Keywords: MG53 protein, Lipopolysaccharide, Neurotoxicity, Cognitive impairment, TLR4/NF-κB pathway

1. Introduction

Neuroinflammation plays an important role in the pathogenesis and progression of some neurodegenerative diseases such as Alzheimer’s disease (AD) (Sawikr et al., 2017). AD is characterized by obvious cognitive impairment and neuroinflammation, including activation of glial cells and increased production of pro-inflammatory cytokines (Lane et al., 2018). Meanwhile, neuroinflammation is regarded as a key factor in the secondary injury cascade and contributes to neuronal death and neurological deterioration (Russo and McGavern, 2016). Hence, it is necessary to find novel anti-inflammatory agents to prevent the progression of AD through modulation of neuroinflammation.

Neurotoxicity could induce neuronal death and dysfunction of the neural network in neural cells (Mouton et al., 2012). Lipopolysaccharides (LPS), a component of gram-negative bacteria, is widely used to activate inflammation (Lee and Jeong, 2014; Musa et al., 2017; Prince et al., 2017). Previous studies have shown that LPS could result in cell death in vitro and administration of LPS could cause cognitive disorders in vivo by inducing neurotoxicity (Wu et al., 2019). In addition, LPS is a potent ligand of toll-like receptor 4 (TLR4), which stimulates the activation of nuclear factor kappa B (NF-κB) and the associated expression of proinflammatory mediators, such as tumor necrosis factor α (TNF-α) and interleukin-6 (IL-6) (Du et al., 2017; Gao et al., 2017a; Nyati et al., 2017). Numerous studies have shown that TLR4/NF-κB signaling pathway plays a key role in the pathogenesis of neuroinflammation (Du et al., 2017; Nyati et al., 2017; Yuan et al., 2013; Ha et al., 2014; Shirjang et al., 2017).

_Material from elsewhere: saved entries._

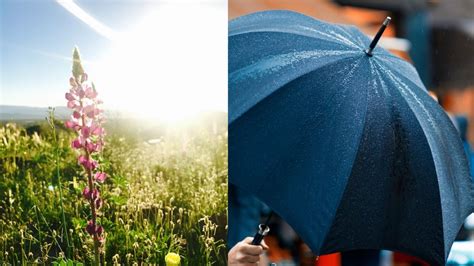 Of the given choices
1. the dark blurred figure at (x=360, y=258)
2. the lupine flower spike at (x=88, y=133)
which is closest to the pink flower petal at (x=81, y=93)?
the lupine flower spike at (x=88, y=133)

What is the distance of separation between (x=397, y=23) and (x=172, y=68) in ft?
4.42

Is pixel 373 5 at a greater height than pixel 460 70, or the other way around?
pixel 373 5

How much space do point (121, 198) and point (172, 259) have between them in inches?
16.7

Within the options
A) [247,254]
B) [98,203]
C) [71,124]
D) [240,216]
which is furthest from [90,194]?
[247,254]

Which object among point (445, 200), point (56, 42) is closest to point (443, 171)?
point (445, 200)

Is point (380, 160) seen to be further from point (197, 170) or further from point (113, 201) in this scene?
point (113, 201)

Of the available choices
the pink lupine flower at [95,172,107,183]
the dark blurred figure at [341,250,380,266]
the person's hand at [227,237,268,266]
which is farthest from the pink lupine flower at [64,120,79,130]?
the dark blurred figure at [341,250,380,266]

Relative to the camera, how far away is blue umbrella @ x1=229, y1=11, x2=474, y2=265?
276 centimetres

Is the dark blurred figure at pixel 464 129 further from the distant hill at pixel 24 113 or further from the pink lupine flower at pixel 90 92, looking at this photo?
the distant hill at pixel 24 113

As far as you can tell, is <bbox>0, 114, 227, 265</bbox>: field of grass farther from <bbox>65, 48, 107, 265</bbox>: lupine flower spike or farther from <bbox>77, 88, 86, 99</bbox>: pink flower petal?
<bbox>77, 88, 86, 99</bbox>: pink flower petal

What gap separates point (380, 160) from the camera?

MG53, a member of the tripartite motif (TRIM) family protein, is also an essential component of the cell membrane repair machinery (Cai et al., 2009a; Weisleder et al., 2012). MG53 is predominantly expressed in skeletal and cardiac muscles, lung and kidney (Weisleder et al., 2012; Jia et al., 2014; Duann et al., 2015). The recombinant human MG53 (rhMG53) protein can protect various cell types against membrane disruption, such as cardiac muscles, epithelial, neuronal, and immune origin cells (Weisleder et al., 2012). In addition, exogenous rhMG53 has protective effects in treatment or prevention of muscular dystrophy(Weisleder et al., 2012), lung injury(Jia et al., 2014), and acute kidney injury(Duann et al., 2015) in many animal models. Furthermore, there is no MG53 expression in the mouse brain and neuronal cells(Yao et al., 2016). But, rhMG53 could prevent cultured neuronal cells from injuries in vitro, and MG53 could permeate through blood-brain barrier to protect acute brain injury in vivo (Yao et al., 2016). However, the protective effects of MG53 on LPS-induced neurotoxicity in neuronal cells and animal models remain unknown.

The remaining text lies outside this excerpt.